After having various jobs including working in a toy store, she secured her first paid job as a cook on an estate in Wales. “I cooked for a Dowager Viscountess where life on the estate truly looked a lot like Downton Abbey. I even wore a uniform. I’ve always been fascinated by classic British culture and the job fit in nicely. I learned how to make traditional high society British and European food, such as cheese straws, roasted potatoes and pates, in a kitchen fitted with plate warmers and AGA ranges.”
When Laura and her husband Paul (whom she had met in that toy store) returned to the United States, she worked at Shades of Green, a vegetarian restaurant in Albany. “The menu was conceived by the wife who was from Spain and was a fantastic cook. I learned a lot about cooking from her and her husband. And since I had been a vegetarian and interested in health food since before high school it was a great job for me. “
However, the restaurant scene, with the late dinner hours was not for Laura, so she migrated to some office jobs, while taking a variety of cooking classes. Later she baked for Chabad of Saratoga, and with Paul ran a health food store in Ballston Spa where she did all the cooking.
“After we left the health food store, I realized that I was very much missing being around all of the healthy produce.” They returned to the Saratoga Farmers Market and for several years worked for the Kilpatrick Family Farm.
During that time, Laura began to plan for her own food business, “What I really missed doing was cooking and I decided to open my own prepared food business at the Market using as many great market products as possible. A friend suggested that I make homemade burritos, which I had also been thinking about for a while because I learned so much from the Spanish restaurant owner in Albany.”
Funky Fresh Foods is now a year-round fixture at the Saturday Market. Laura makes her own tortillas and salsas, and uses items for the burritos from other vendors at the Market, including potatoes, eggs, yogurt, honey and various vegetables. Although she had been a vegetarian for many years, “I started eating meat again after seeing the quality humanely raised meat at the Market,” So she added pulled pork burritos with Pucker’s pickles on the side to her offerings. For the smoothies, she uses fruits from the Market when possible or purchased fruits such as the popular mango.

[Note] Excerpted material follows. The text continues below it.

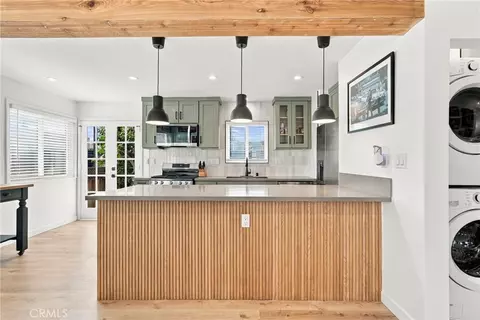 Kitchen - 411 E Franklin, El Segundo, CA 90245 photo 7 of 9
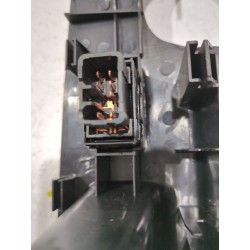 Recambio de botonera puerta delantera derecha para kia sorento i (jc) 2.5 crdi referencia OEM IAM MANDO ELEVALUNAS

Customers can order flour or corn tortillas in advance from Laura to pick up the following week at the Market. This summer she also plans to offer her salsas for sale. She does catering and makes specialty cakes, emphasizing ingredients from the Saratoga Farmers’ Market. To make inquiries or to place an order, see Laura at the Market
Laura is fond of her Czechoslovakian grandmother Rosemary, who was stricter in the kitchen than was her mother. “I can still remember the joy I felt when I was allowed to peel my first potato. She made a variety of authentic, delicious Czech food, and she made the following recipe all the time. It is one of her favorites and it is one of ours.”
Lekvarove Sukrove (Slovak Prune Jelly Cake)
Ingredients
¾ cup good butter (Laura suggests Kate’s unsalted butter from Maine)
1 cup sugar
4 egg yolks *
¼-½ cup Battenkill Valley Creamery heavy cream or half and half *
2 tsp. baking powder
2½ cups flour (may need a bit more)
¼ tsp. salt
1 tsp. vanilla
Jam, about 1 cup * (Laura’s Grandma used lekvar, prune jam, which is much better than it sounds. But any thick homemade or Farmers’ Market jam will do, such as raspberry or strawberry jam.)
Instructions
Grease and flour a 13-inch square pan, such as would be used to make large batch of brownies. Preheat the oven to 350°F.
Cream the butter and sugar, then add the egg yolks and mix well.
Mix the flour, baking powder, and salt together.
Add this to the egg mixture along with the vanilla.
Mix gently but well with a spoon and stir in the cream. The dough will be a little thick. (Set aside some of the dough to make decorative strips for the top of the cake.)
Press the dough into the bottom of the pan, and about 1½ up the sides.
Spread a thick layer of jam over the top of the dough and place the reserved dough strips over the jam in a crisscross pattern.
Bake at 350°F for about half an hour. When the cake is cool, sprinkle with powdered sugar.